Ainda chega a mais sua demência, e frenesim: querem fazer próprias as ofensas alheias. Dilatam o excesso, e a loucura de ter, e de tratar como ofensores, e como inimigos aqueles, que ou são doutro partido, ou não são daqueles, que eles seguem. A este cúmulo de mal se chega em Lisboa, como se chegou em Jerusalém depois que se formou a liga, e o partido contra o Redentor do Mundo. Que razão havia para tratar como excomungado o mancebo cego de nascimento, e lançá-lo fora de Sinagoga? Nenhuma outra razão mais do que haverem sido restituído por Jesus Cristo como um milagre à luz do dia, de que nunca gozará: Et ejecerunt eum foras. E que razão havia para fulminar a mesma pena contra seus progenitores? Não havia outra mais que haverem estes cedido à evidência, e terem testificado por gratidão aquele milagre. Conspiraverant Judei, ut siquis eum consiteretur esse Christum extra Synagogam fierit.
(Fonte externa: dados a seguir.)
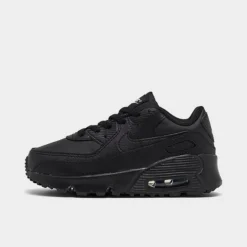 Kids' Toddler Nike Air Max 90 Casual Shoes Black/Black/White/Black - CD6868 001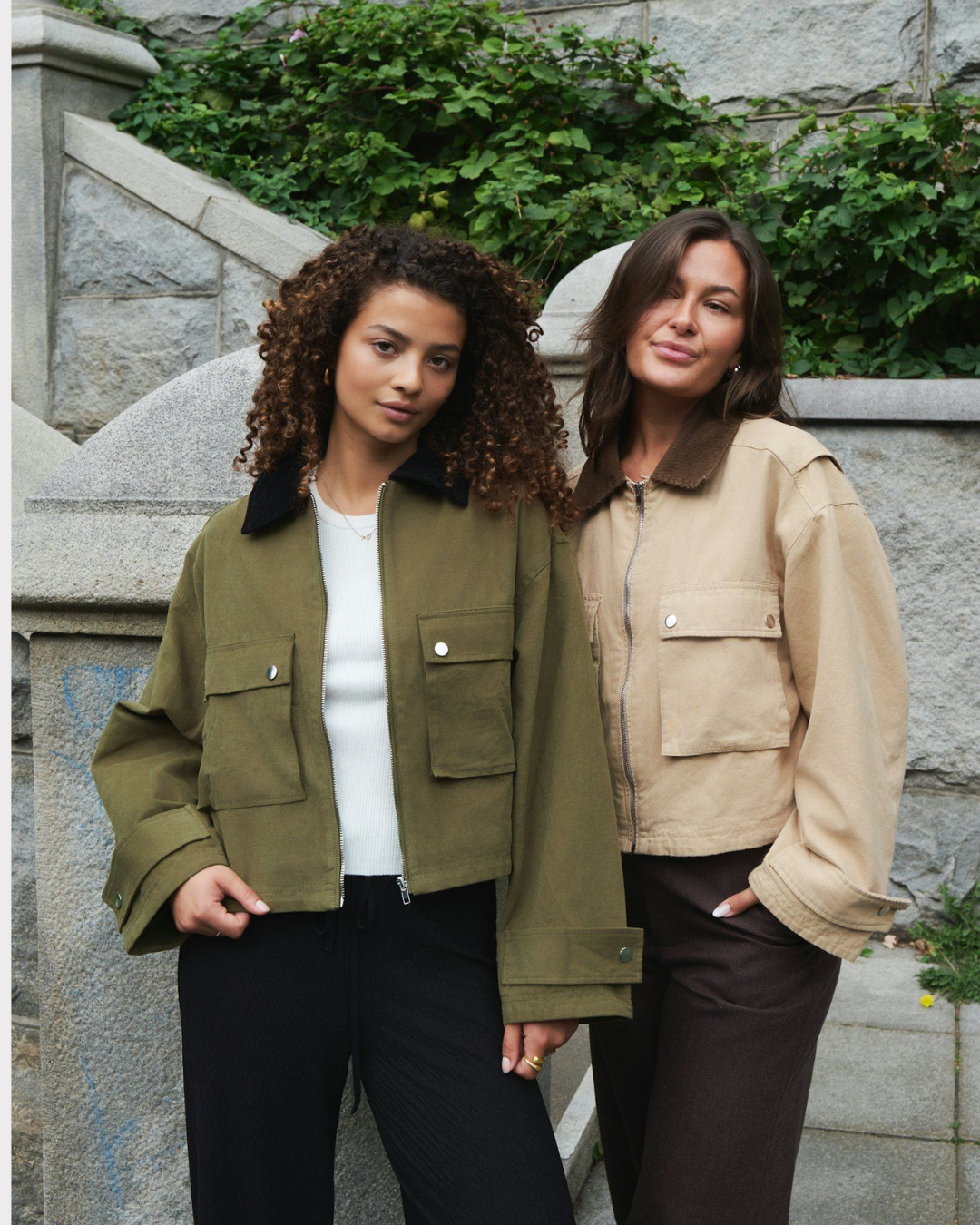 Rivera Canvas Boxy Jacket-Ytterjakker-Neo Noir-Aandahls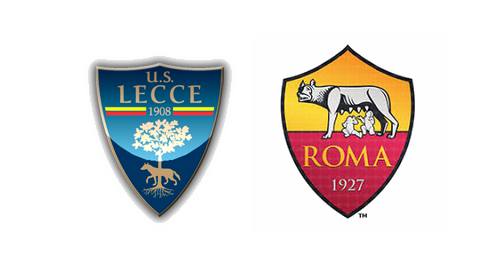 Potrebbe essere un'immagine raffigurante football e il seguente testo "u.s. LECCE 1908 สอ ROMA 1927 TH"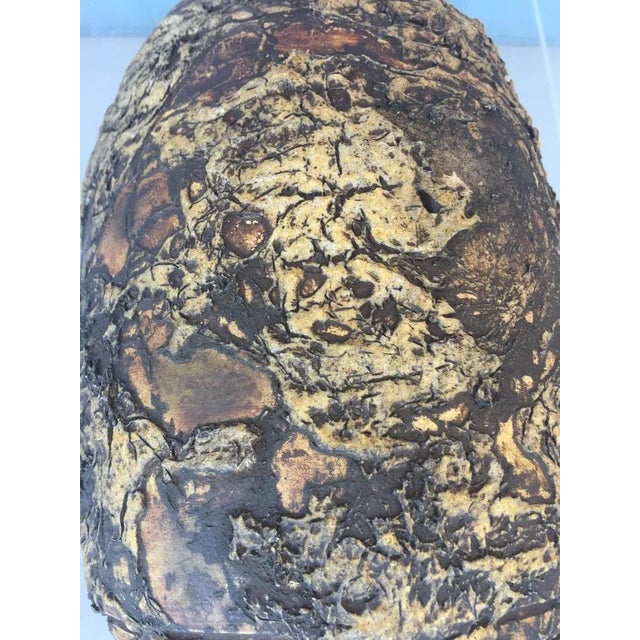 Brown Vintage Vase by Louis Dage, 1930 For Sale - Image 8 of 10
E que razão têm tantos, e tantos de separar-se, não sem escândalo, do ânimo, e da pessoa de um íntimo parente, de um honrado Concidadão, a quem são unidos com os laços de sangue, e a quem devem ser mais estreitamente unidos com as prisões da Caridade Cristã? Não há outra razão senão ser aquele um parente, um amigo, uma família, que não sentem como eles sentem, nem seguem aferradamente o partido que eles seguem. Ora eu não creio que alguém de vós me queira perguntar se as expostas hostilidades serão escandalosas fraudes, se tantas obras, e tantas palavras de quem é pai o espírito de partido, sejam pecados? Se esta pergunta fosse feita a algum engelho mais agudo, alguém entendimento mais ilustrado do que o meu,mas dominado desta paixão, e contaminado desta peste, eu fico que lhe diria que não eram pecados. Eis aqui outra não menos deplorável cegueira, que esta paixão derrama nos entendimentos, que chega a sufocar, e aniquilar neles os últimos vestígios da razão, e da justiça.